Szklarnia zaczęła funkcjonować w 2012 roku. Ogórki uprawiane są na matach szklanych. W obiekcie funkcjonuje kropelkowy system nawadniania. Dopływ światła regulowany jest za pośrednictwem kurtyn. - Mamy ogórki krótkie - kiszeniaki. Zostały posadzone 15 lutego, a trzy tygodnie później zebraliśmy już pierwsze owoce. Ich zbiór odbywa się co drugi dzień. Na jesień planujemy uprawiać ogórki długie, zobaczymy jednak, jak rynek będzie się kształtował - mówi młody rolnik.
Jakie jest zainteresowanie ogórkami krótkimi? - Mają zejście. Towar kupują kiszeniarze. Cena jest różna, jak to ze wszystkim - opowiada nasz rozmówca. Produkt bywa również sprzedawany na Giełdzie Kaliskiej.
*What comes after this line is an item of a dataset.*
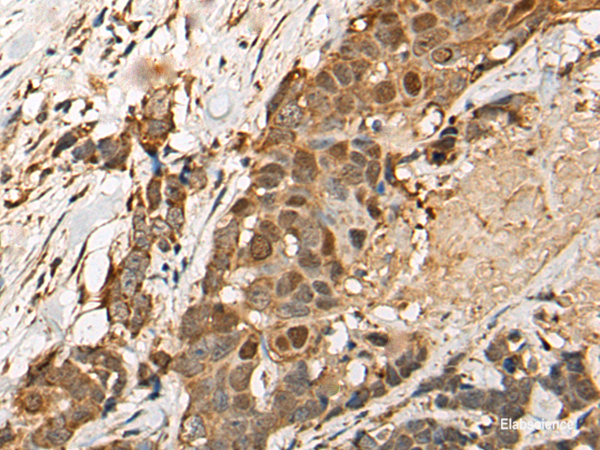 Immunohistochemistry of paraffin-embedded Human thyroid cancer tissue using HEATR9 Polyclonal Antibody at dilution of 1:110(×200)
- Głównie opieramy się jednak na stałych odbiorcach. Jedna z firm, która przyjeżdża do nas po towar, zajmuje się eksportem do Niemiec czy Holandii, inny sprzedają nasze ogórki w Poznaniu albo w Warszawie. Sami na razie nie wozimy warzyw, myślę jednak, żeby postawić na własny transport. Im więcej pośredników, tym mniejsze zyski dla nas - tłumaczy Karol. - Zamierzamy być samowystarczalni. Rozmawiałem już z kolegą o sprzedaży swoich zbiorów na giełdzie w Berlinie. Zastanawiamy się więc nad zakupem większego samochodu. Chcemy nim przewozić, oprócz naszych produktów, towar od lokalnych producentów - dodaje młody farmer.
Ile ogórków Dominakowie sprzedają w ciągu tygodnia? - Średnio jest to około 8 t. Wszystko zależy jednak od pogody. Początek tego sezonu był pochmurny i wtedy zerwaliśmy tylko 3 t - wylicza gospodarz.